## [What needs to be done]
Starting with the line that contains "GPS Tracker for", copy every line through the end of the listing, exactly and only those. No pictures should appear in the copy.

Provided material START

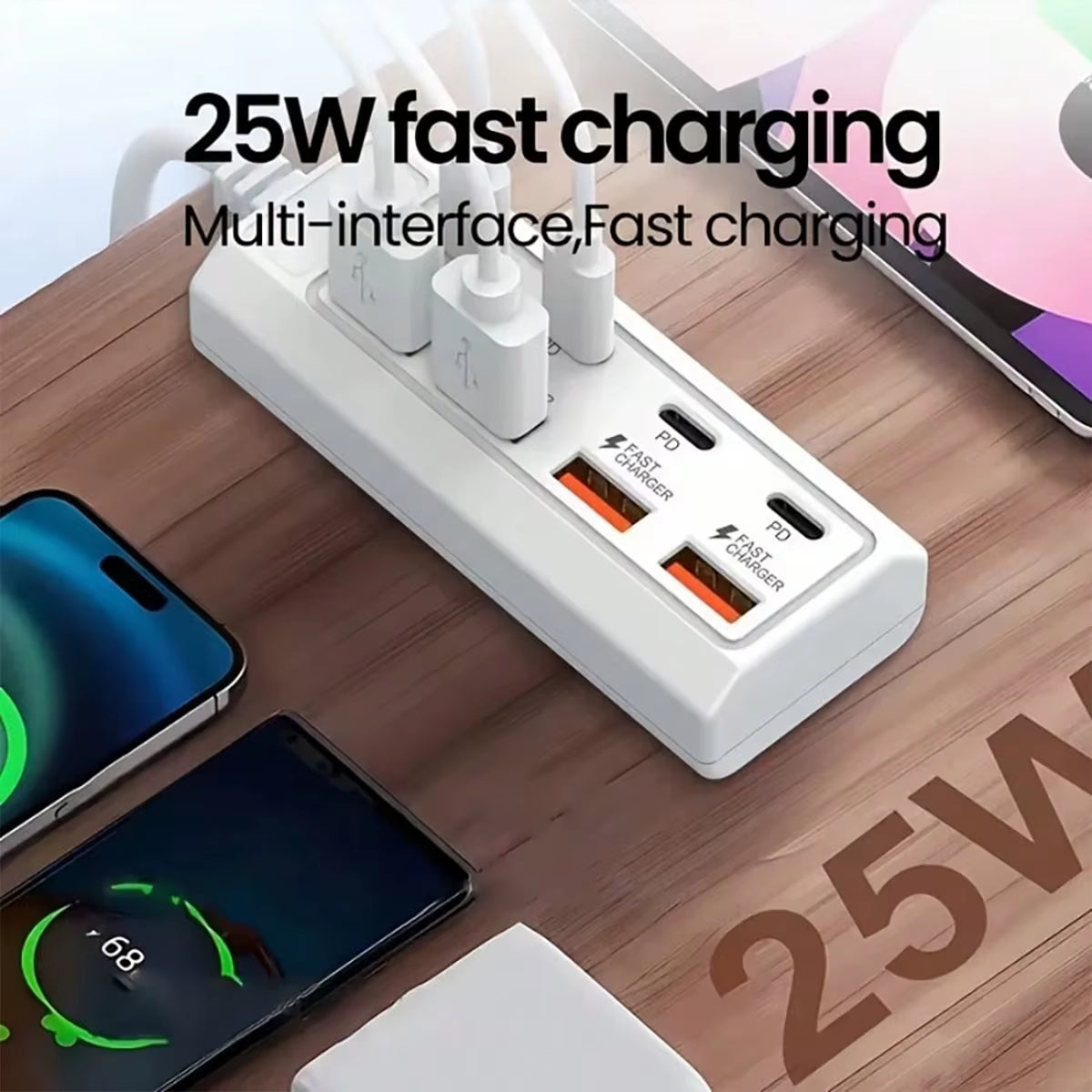 [8-Terminal Station Fast Charging USB Hub] Equipped with 4 USB and 4 PD Ports | 25W Fast Charging, Suitable for Computers
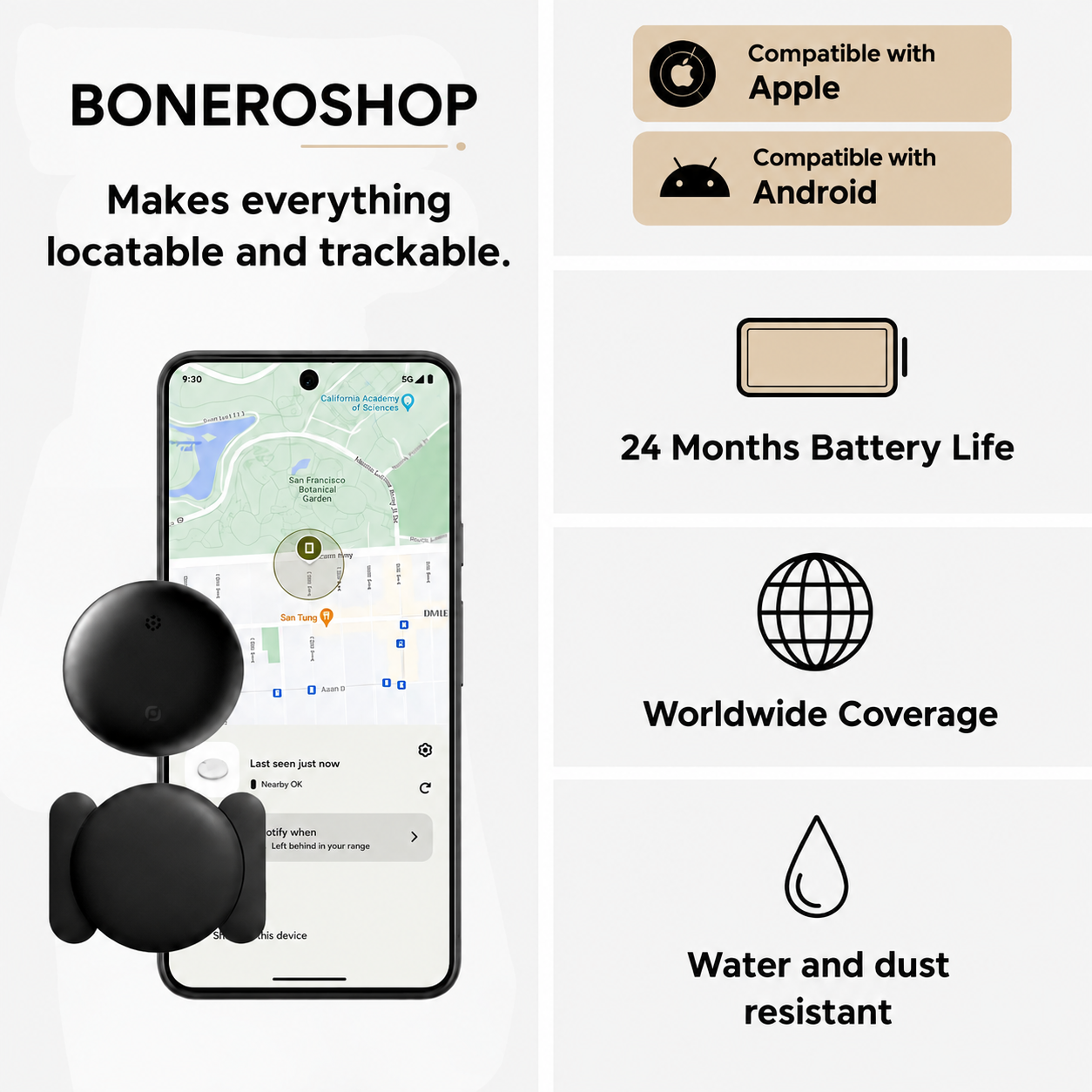 GPS Tracker for Elderly – No Monthly Fees – Works with iPhone & Android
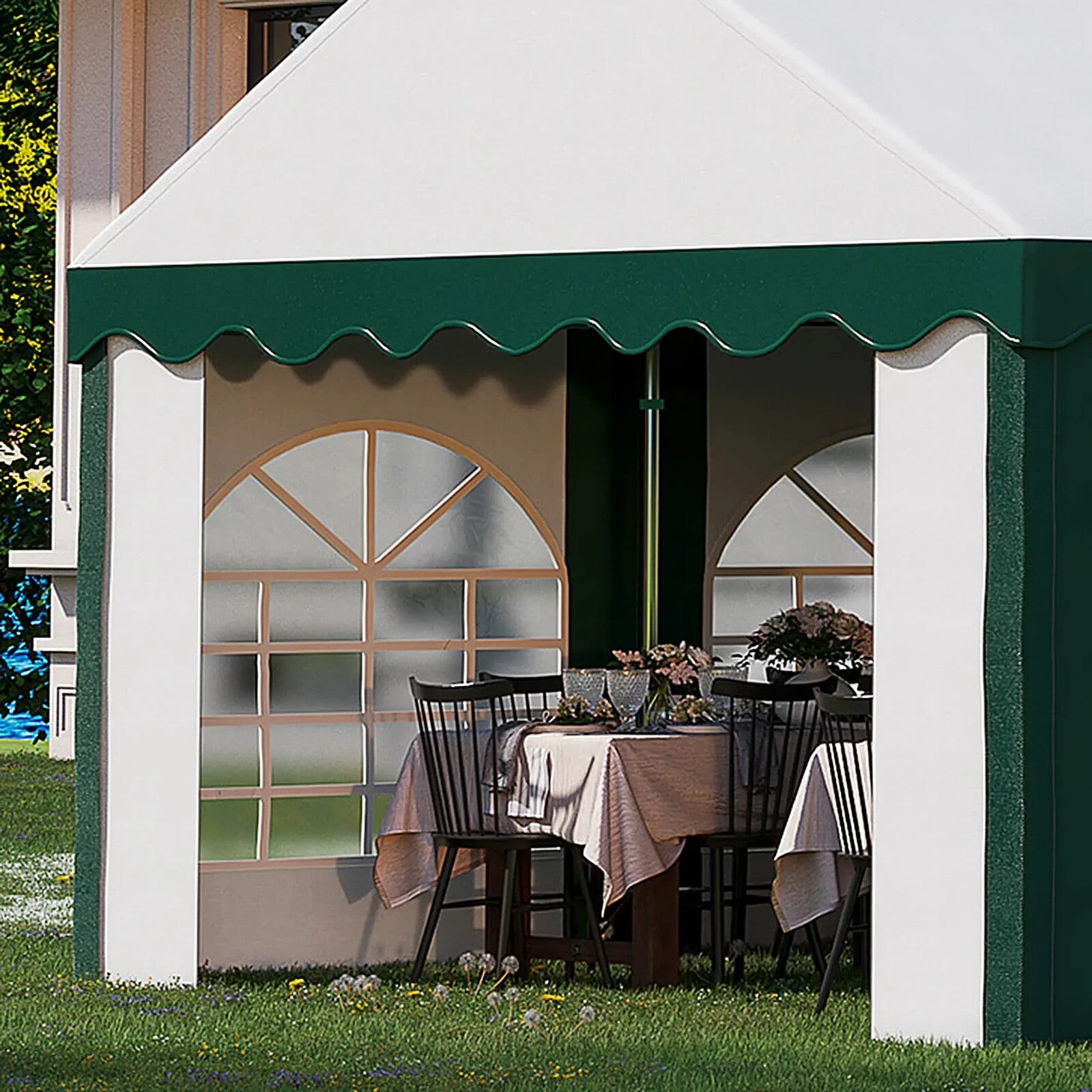 Large 8 x 4m Marquee Gazebo with Sides Party Tent Double Doors Outdoor Event Set - Home and Garden Furniture Shop - rustic - furniture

Provided material END

## [Expected answer]
 GPS Tracker for Elderly – No Monthly Fees – Works with iPhone & Android
 Large 8 x 4m Marquee Gazebo with Sides Party Tent Double Doors Outdoor Event Set - Home and Garden Furniture Shop - rustic - furniture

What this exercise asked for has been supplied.